IranWire reported that Iran’s Working Group for Identifying Criminal Content blocked at least five websites on September 4, after blocking another website a few days before. At least two of the banned sites had reported on allegations that officials had benefited from a corrupt housing scheme.

Mohaghegh’s arrest was carried out by plainclothes agents who gave no explanation for their actions. An hour after the arrest, Mehr News Agency defense correspondent Javad Bakhshi Alamuti reported that security agents had arrested the journalist for cooperating with “counter-revolutionary” media outside Iran. The agency has close links to conservative politicians at Tehran Municipality,

The news that some municipal officials and Tehran City councillors had profited from corrupt land deals and reduced mortgages emerged after a group of hardliner politicians complained about the “astronomical” salaries of some high government officials. Tehran’s Mayor, Mohammad Bagher Ghalibaf, announced that he would order an investigation into  the salaries. The so-called “astronomical properties case” is now under investigation by Iran’s General Inspection Organization.

Ghalibaf also wrote a letter to the head of the judiciary, demanding that those who were responsible for reporting on the scandal be prosecuted.

Among those named in the disclosures are five principalist members of Tehran’s City Council, a deputy mayor and a city council advisor.

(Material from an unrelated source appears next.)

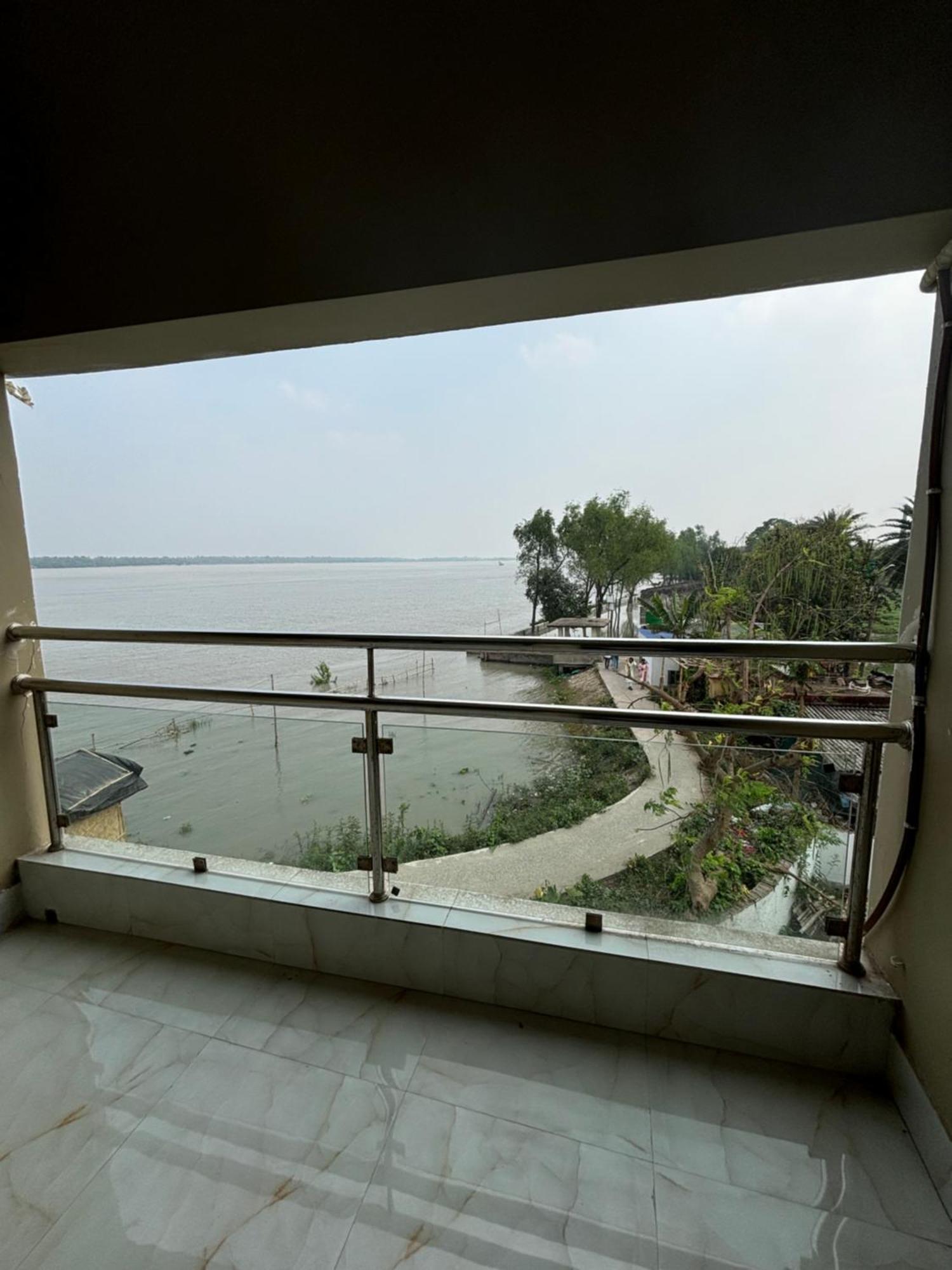 Ichhamati Hotel And Restaurant Hasnabad 외부 사진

Now the mayor finds himself at the center of a widely-reported corruption case, which, in addition to implicating the seven prominent individuals, also raises speculation about 100 legal entities and around 150 senior municipal officials based outside city government.

The reformist newspaper Shargh and the website Memari News had both reported that on August 8, the General Inspection Organization wrote to Mohammad Javad Shushtari, director-general of the mayor’s office, submitting a detailed report about the land deals. The letter points to the illegal nature of the land sales to a large number of high-level city officials, members of the city council, a number of representatives to parliament and other individuals connected to other local governments outside Tehran. It stated that all the listed parties had benefited from significant discounts on housing and land deals — discounts that were ordered from the mayor himself.

The letter outlined that, based on the price of around $640 per square meter — a price which would be even higher for the more expensive neighborhoods of Tehran — more than $700 million had been squandered.

Considering the mayor’s alleged involvement in the scheme, the arrest of Sadra Mohaghegh and Yashar Soltani seem to be a direct retaliation for recent reports. Regardless of any official charges, the journalists have annoyed one of Iran’s most influential politicians, and they are paying for it.